This worked fine, until my family members actually wanted restaurant food, and my mom didn't want to cook.  I was cramping their style.  So I went back to the drawing board.  I knew that I didn't want something that I get a better version of in San Francisco.  At some point, the idea of indian cuisine struck me.  I love Indian food, but, San Francisco really doesn't have Indian food that I like.  My parent's town doesn't have any Indian restaurants of course, but, a few towns over, there is a place that serves Indian food.  It isn't exactly a restaurant, but, more on that in a minute.  Now, I realize, that if San Francisco doesn't have Indian food I like, a little town in Vermont is even less likely to.  But ... local Yelpers love it.

So I tried to convince my family that we should get Indian food, which is when I hit a hurdle.  My parents had never eaten Indian food before.  They had no idea if they would like it and no real idea what to expect.  My mom was worried it would be spicy.  My dad really doesn't like trying new things and has a pretty limited set of foods he eats.  I was pretty sure that it would appeal to both of them, as long as they could get over the fact that it was an unknown.

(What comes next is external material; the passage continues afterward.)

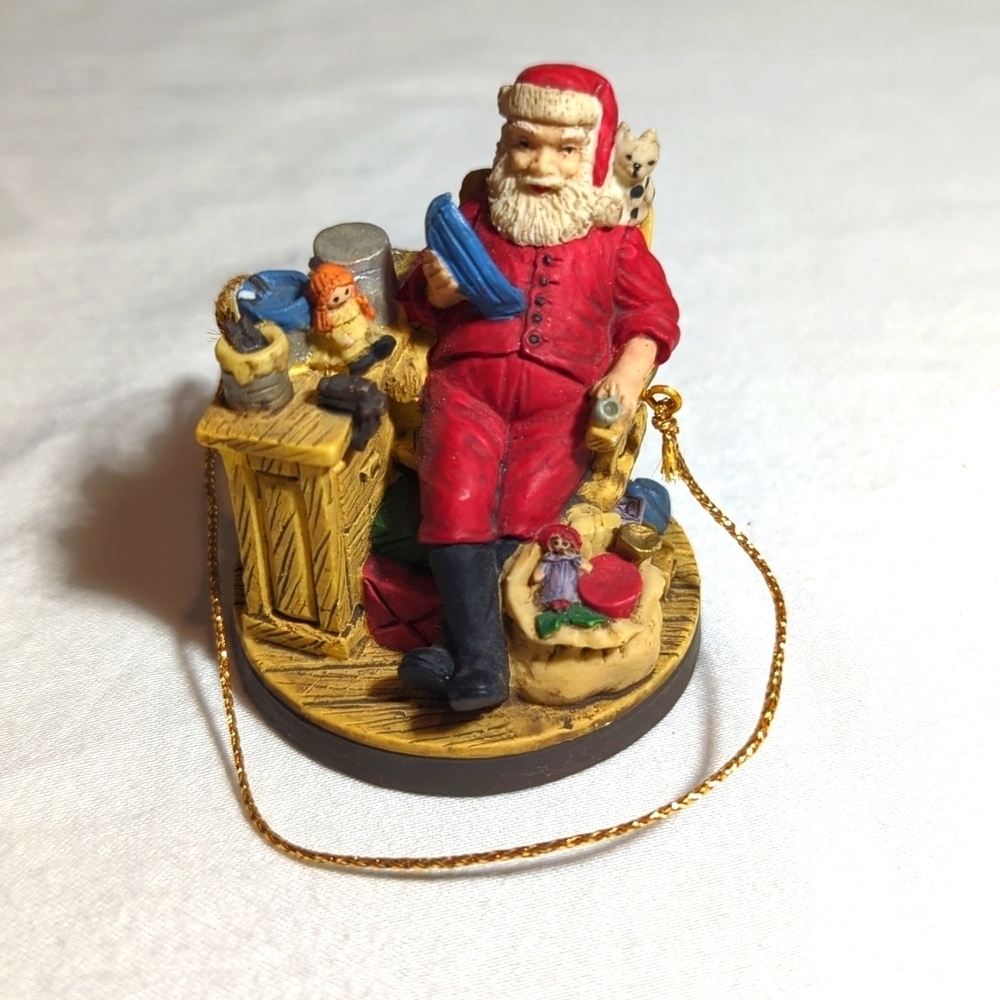 Rockwell's Celebration of Santa "Santa Relaxing" Ornament, 1994 Vintage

In the end, I was able to convince them, and then began the process of figuring out what we should order, taking their preferences into account, and trying to describe the different dishes.  Like ... paneer.  Imagine trying to explain paneer to someone who has never encountered anything like it before.  "You don't understand, the cheese IS the main ingredient, just like chicken in that other dish ..." or "no, no, it isn't cheese like pizza cheese, it doesn't melt."  Yeah, it was kinda funny actually.

Anyway, the Indian establishment in question was Taj-E-India, a couple towns over, in White River Junction, Vermont.  I say establishment, not restaurant, as, it isn't a restaurant.  They don't have any seating.  It is take-out only, and sorta seems to operate out of someone's house.  Oh, and they don't just serve Indian cuisine, they also have Chinese food.  The menu has 92 items on it (!!!)

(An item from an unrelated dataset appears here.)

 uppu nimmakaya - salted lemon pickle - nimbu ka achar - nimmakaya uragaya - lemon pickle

Yup, a Chinese-Indian combination takeout shop, with far too large of a menu, in Vermont.  I was in for an adventure.

Overall, it actually wasn't *bad*, but it was pretty unremarkable and was seriously lacking spicing.  If it was in San Francisco, I certainly wouldn't return a second time.  But given the lack of options in the Lebanon area though, after my first visit in summer 2014, I decided to return again in the summer of 2015.  I liked it even less that time, so, I doubt I'll return a third time.


Taj-E-India is a takeout only establishment, with absolutely no seating.

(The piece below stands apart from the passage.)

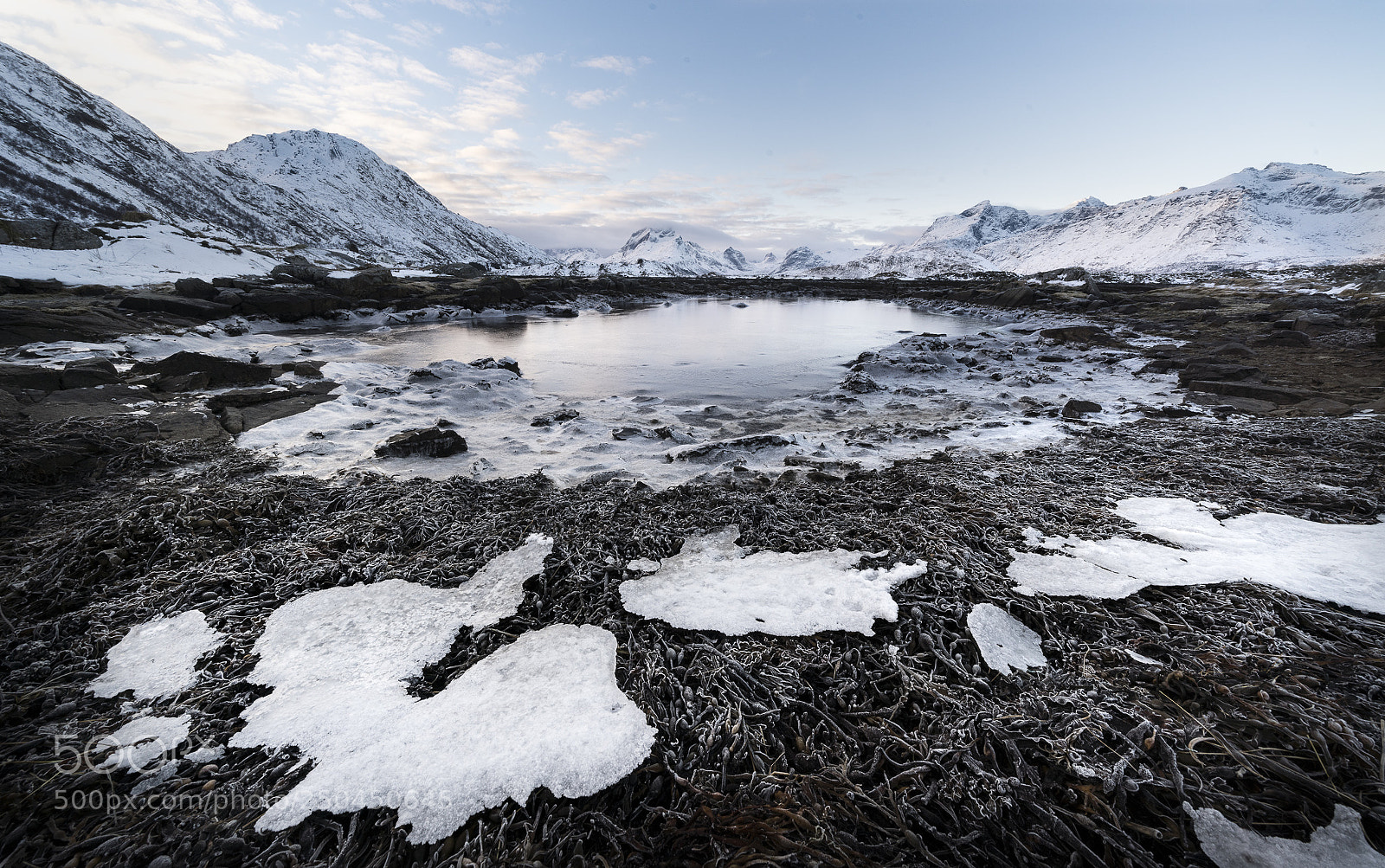 Sony a7R III sample photo. Ice by the lake photography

Everyone picks up food and drives away with it (or, if they are like me, perhaps sneak a bite in the car).  The food was ridiculously hot and fresh.  I actually burnt myself when I took a bite immediately, and it was still all reasonably warm when I got to my parent's house, 20 minutes away.

Since it is a takeout only shop, they know how to package the food well.  Curries come in plastic containers, rice in Chinese takeout style boxes, breads wrapped in foil, and the whole thing inside a paper bag, inside a plastic bag with handles.  You do need to ask for plates and silverware if you want them.
Picnic Table.
Ok, they do however have one lone picnic table in the parking lot, so if it happens to be a nice day, and you manage to be the only one with the thought, you can dine there.  Don't count on it.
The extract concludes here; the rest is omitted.